お宿の部屋は先払いにてキープだけしておいた。

幻影城のステルスの方法も解析済だ。不法侵入もなんのそのだ。

そういえば正規の結界の超え方を教えてもらってなかったな。

俺は認識さえしてしまえばどうとでもなるから特に気にしてなかった。


さて、鬼が出るか蛇が出るか。

まあ出るのは鬼って決まってるんだがね。


城へと向かうと前で琴音が待ち構えていた。

その表情はとても悲しそうに見える。空気が冷たく重い。


「戻ってきてしまったのじゃな、お主は・・・。」


ふむ、結界を越えたあたりから強くはなってきていたが

対峙すると一気に跳ね上がるな、彼女への不快感が。

「お主はできることなら手にかけたくはなかった。だが、仕方のないことじゃ。」

殺気を投げつけられる。彼女の表情は無表情となった。

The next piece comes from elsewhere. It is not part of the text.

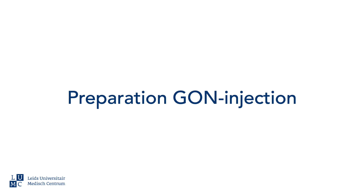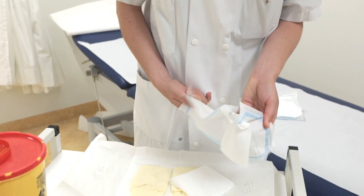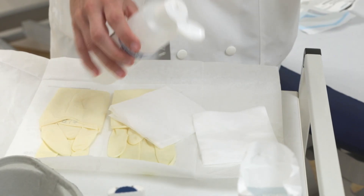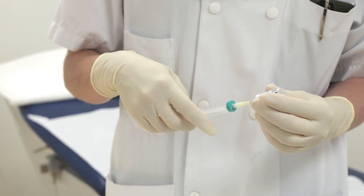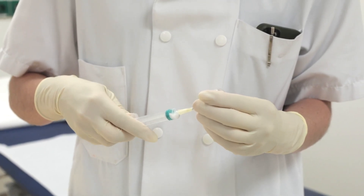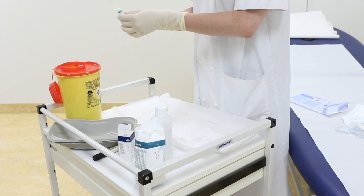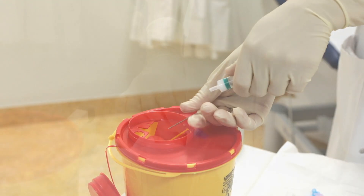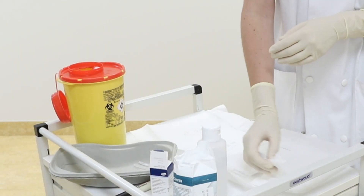Next, prepare the injection. Unpack the sterile gloves and turn the package into a sterile field. In the sterile field, prepare two sterile gauzes, one with alcohol and one without, the pull-up needle and the injection needle. Put on the sterile gloves. Draw up 2 cc of the fluid so that a total of 80 mg of methylprednisolone and optionally 20 mg of lidocaine enter the syringe. Remove air from the syringe, then safely discard the pull-up needle into the needle container, and place the injection needle on the syringe. Disinfect the injection site one more time.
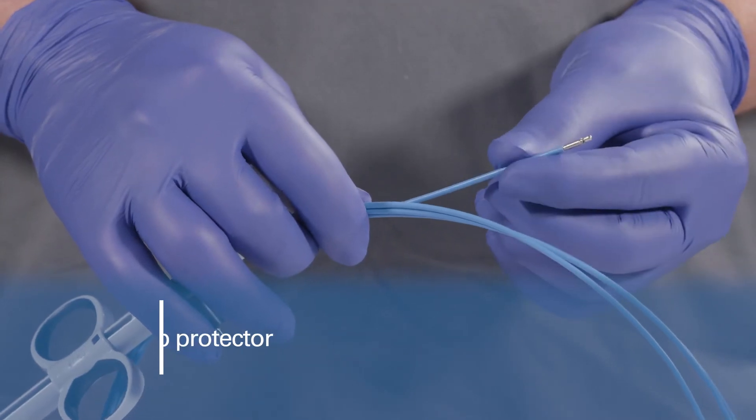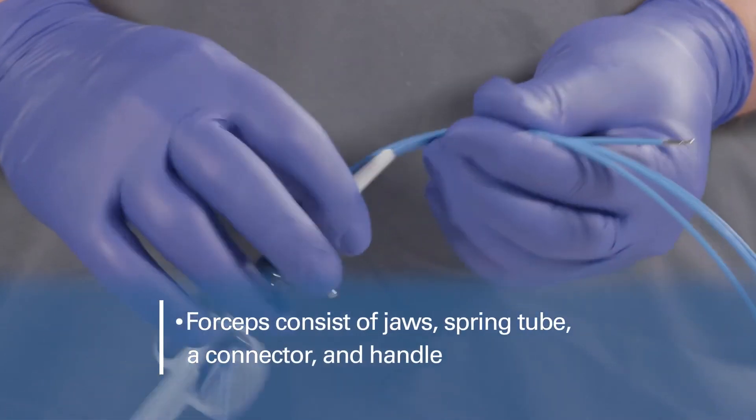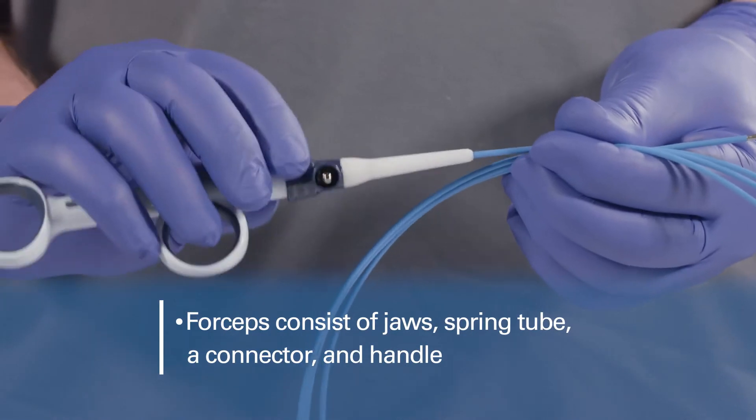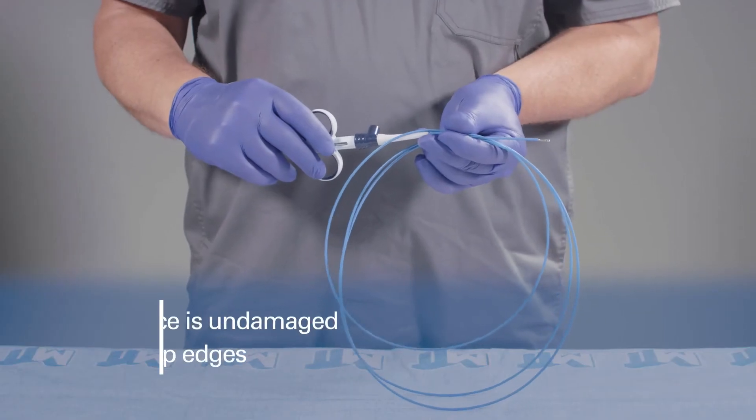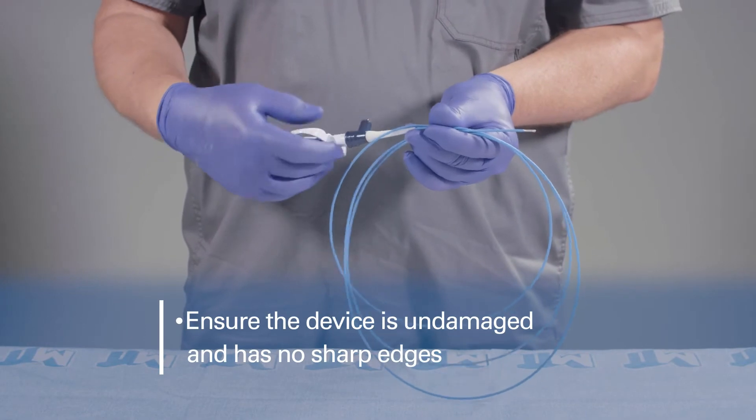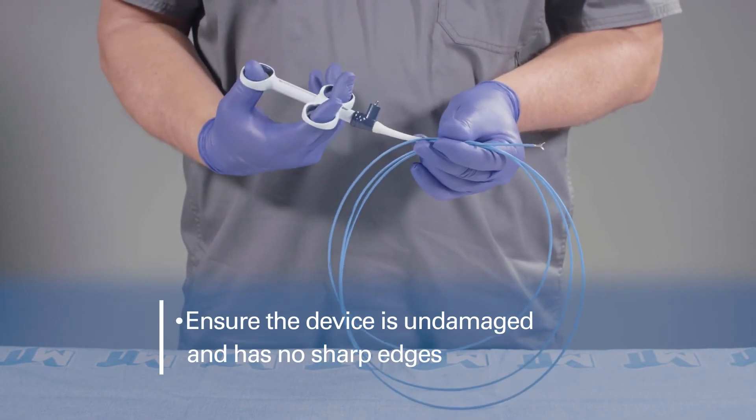The forceps consist of jaws, a spring tube, a connector, and a handle. Prior to use, ensure that the device is undamaged and the jaws and spring tube have no sharp edges.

覚悟を決めた者の目をしている。


ふむ・・・。


彼女は鬼道を体に対流させて殴りかかってきた。

俺もそれに合わせて魔力と気を纏い腕を流して拳を弾いていく。

何度か受け流した後に拳に魔力を一気に込め

彼女に突き出しながら爆発させた。

・・・が、琴音は上半身を両の腕でカバーしつつ

上から回転するかのように体をのけぞらせてから

地面に手を付くとそのまま鬼道の力を圧縮させた渾身の蹴りを放ってきた。

流石にそのまま受けたくはなかったので虚空より深紅に染まった刀を出し、納刀したまま鞘で弾いた。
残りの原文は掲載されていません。